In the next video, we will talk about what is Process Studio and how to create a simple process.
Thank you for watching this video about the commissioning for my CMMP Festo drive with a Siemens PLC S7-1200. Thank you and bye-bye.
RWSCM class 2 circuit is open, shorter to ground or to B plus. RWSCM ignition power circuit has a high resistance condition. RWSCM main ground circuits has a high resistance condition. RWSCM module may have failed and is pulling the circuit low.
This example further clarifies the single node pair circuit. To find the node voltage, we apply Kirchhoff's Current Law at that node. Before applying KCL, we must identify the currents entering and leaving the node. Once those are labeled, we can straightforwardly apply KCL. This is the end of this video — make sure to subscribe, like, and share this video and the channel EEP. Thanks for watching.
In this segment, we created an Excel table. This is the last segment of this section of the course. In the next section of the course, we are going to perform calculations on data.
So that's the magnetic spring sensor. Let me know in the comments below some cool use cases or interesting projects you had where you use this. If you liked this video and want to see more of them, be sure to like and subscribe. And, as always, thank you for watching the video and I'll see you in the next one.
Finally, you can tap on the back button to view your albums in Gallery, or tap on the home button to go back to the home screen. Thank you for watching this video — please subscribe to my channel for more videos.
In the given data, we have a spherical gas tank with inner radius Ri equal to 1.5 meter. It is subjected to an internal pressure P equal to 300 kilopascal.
--------------------------------------------------
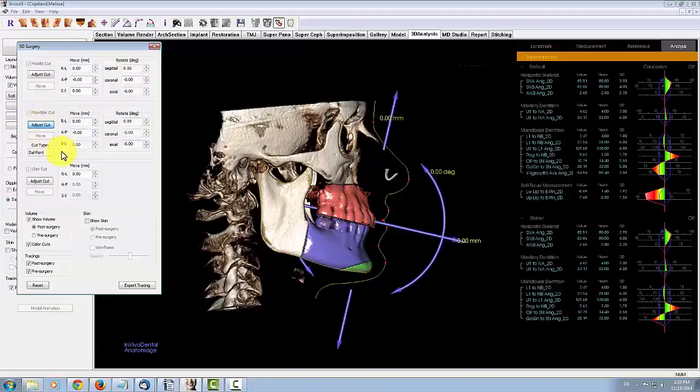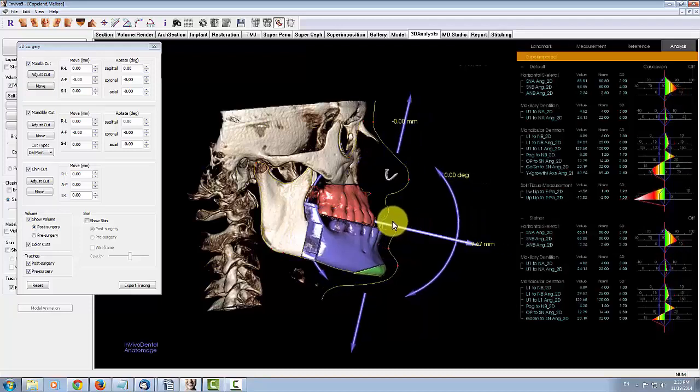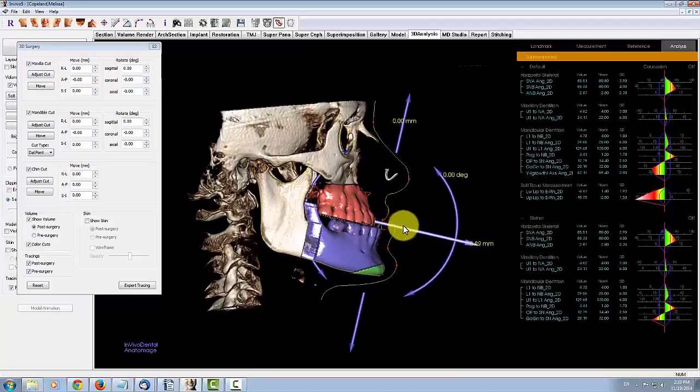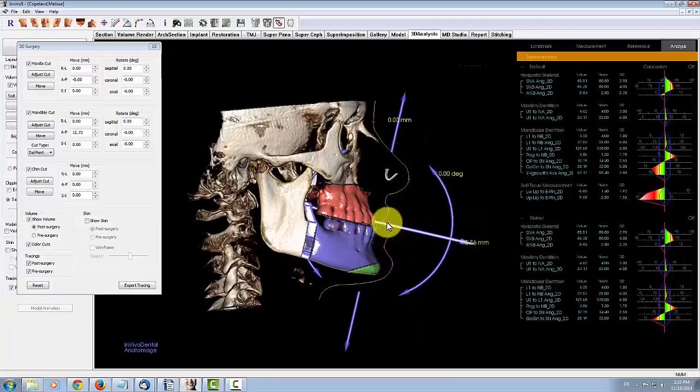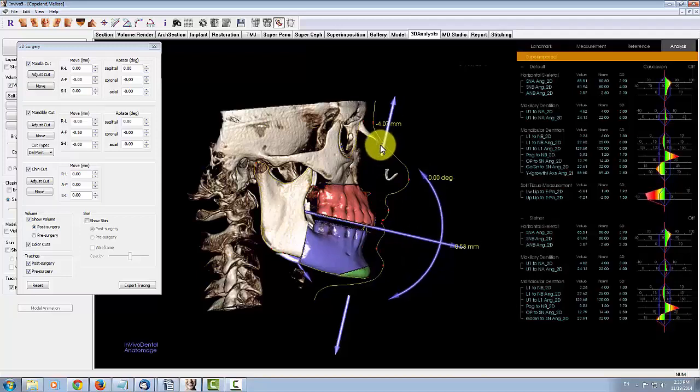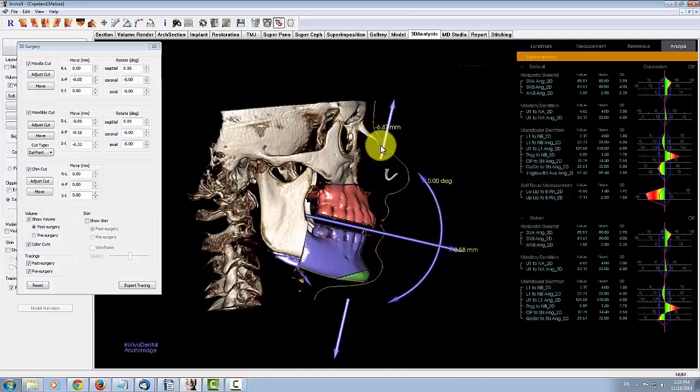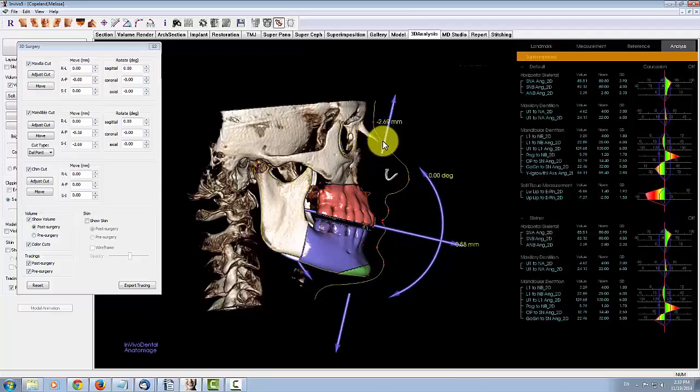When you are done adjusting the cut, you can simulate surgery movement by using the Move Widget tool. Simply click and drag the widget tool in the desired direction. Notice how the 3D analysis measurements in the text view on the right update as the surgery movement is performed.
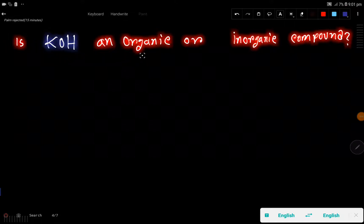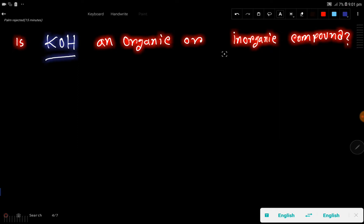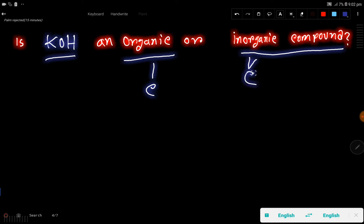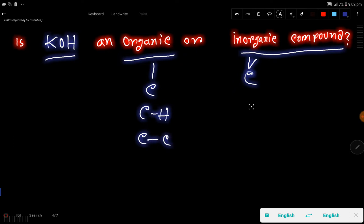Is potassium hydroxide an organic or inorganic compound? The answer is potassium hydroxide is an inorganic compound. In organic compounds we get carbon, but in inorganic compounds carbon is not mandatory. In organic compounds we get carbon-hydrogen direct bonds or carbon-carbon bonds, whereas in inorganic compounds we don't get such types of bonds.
--------------------------------------------------
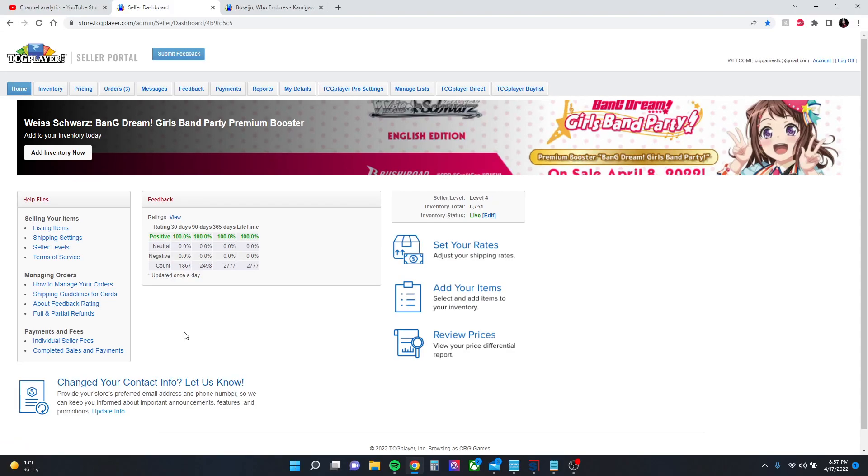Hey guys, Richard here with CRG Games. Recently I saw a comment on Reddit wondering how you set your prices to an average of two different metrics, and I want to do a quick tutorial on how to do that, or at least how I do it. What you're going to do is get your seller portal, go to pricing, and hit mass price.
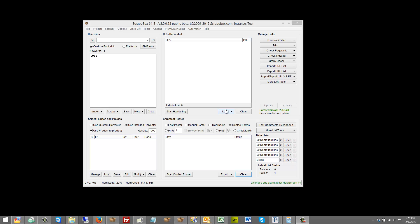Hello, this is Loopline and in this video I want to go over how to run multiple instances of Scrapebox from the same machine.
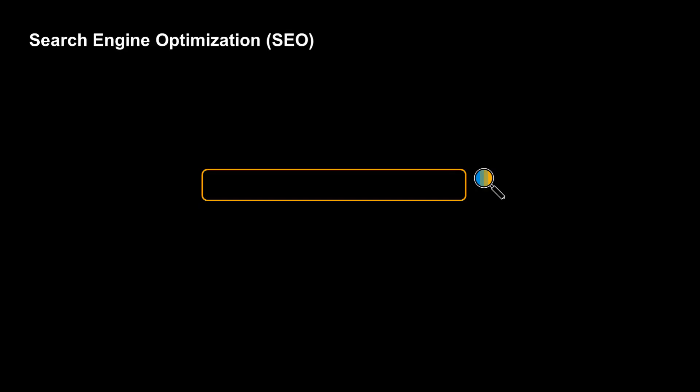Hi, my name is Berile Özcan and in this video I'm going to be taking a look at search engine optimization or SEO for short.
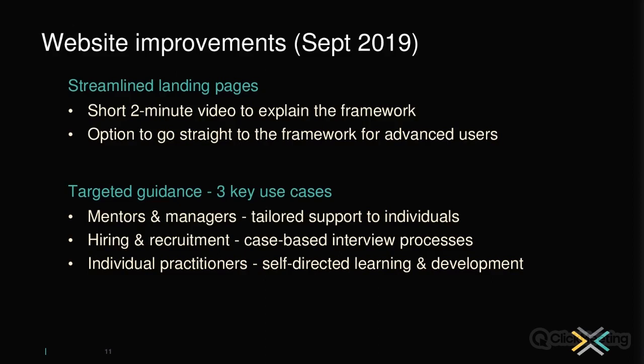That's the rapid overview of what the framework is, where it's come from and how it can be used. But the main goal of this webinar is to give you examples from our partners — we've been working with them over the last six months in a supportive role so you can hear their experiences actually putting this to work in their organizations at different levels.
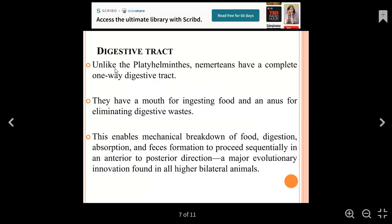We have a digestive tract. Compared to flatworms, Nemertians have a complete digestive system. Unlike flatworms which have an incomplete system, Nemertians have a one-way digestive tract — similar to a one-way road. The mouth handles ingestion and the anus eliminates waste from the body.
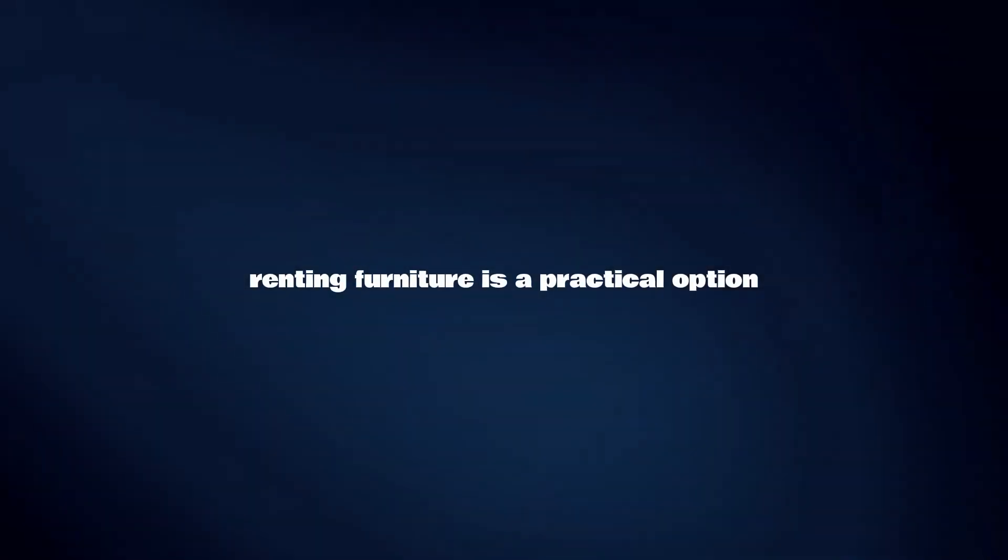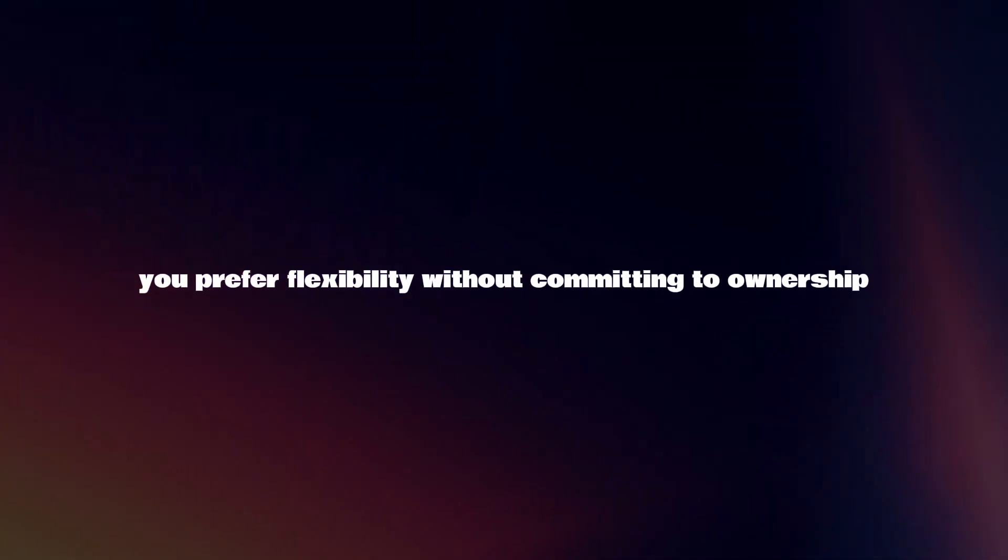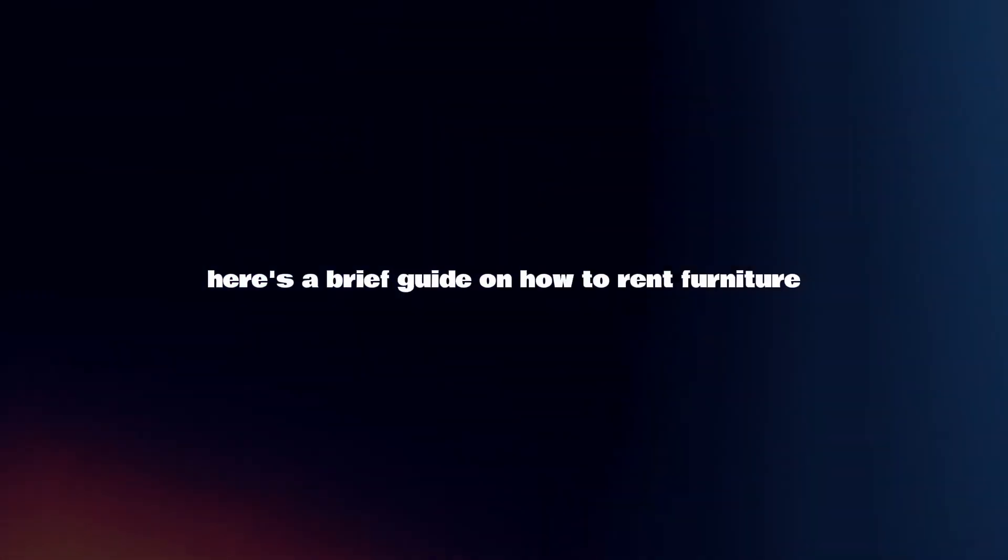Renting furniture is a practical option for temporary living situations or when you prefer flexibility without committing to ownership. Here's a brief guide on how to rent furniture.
--------------------------------------------------
[Task instructions]: Return only the part of the records above that opens with the line containing "In the next video, we" and closes with the line containing "RWSCM class 2", ends included.

[Task answer]:
In the next video, we will talk about what is Process Studio and how to create a simple process.
Thank you for watching this video about the commissioning for my CMMP Festo drive with a Siemens PLC S7-1200. Thank you and bye-bye.
RWSCM class 2 circuit is open, shorter to ground or to B plus. RWSCM ignition power circuit has a high resistance condition. RWSCM main ground circuits has a high resistance condition. RWSCM module may have failed and is pulling the circuit low.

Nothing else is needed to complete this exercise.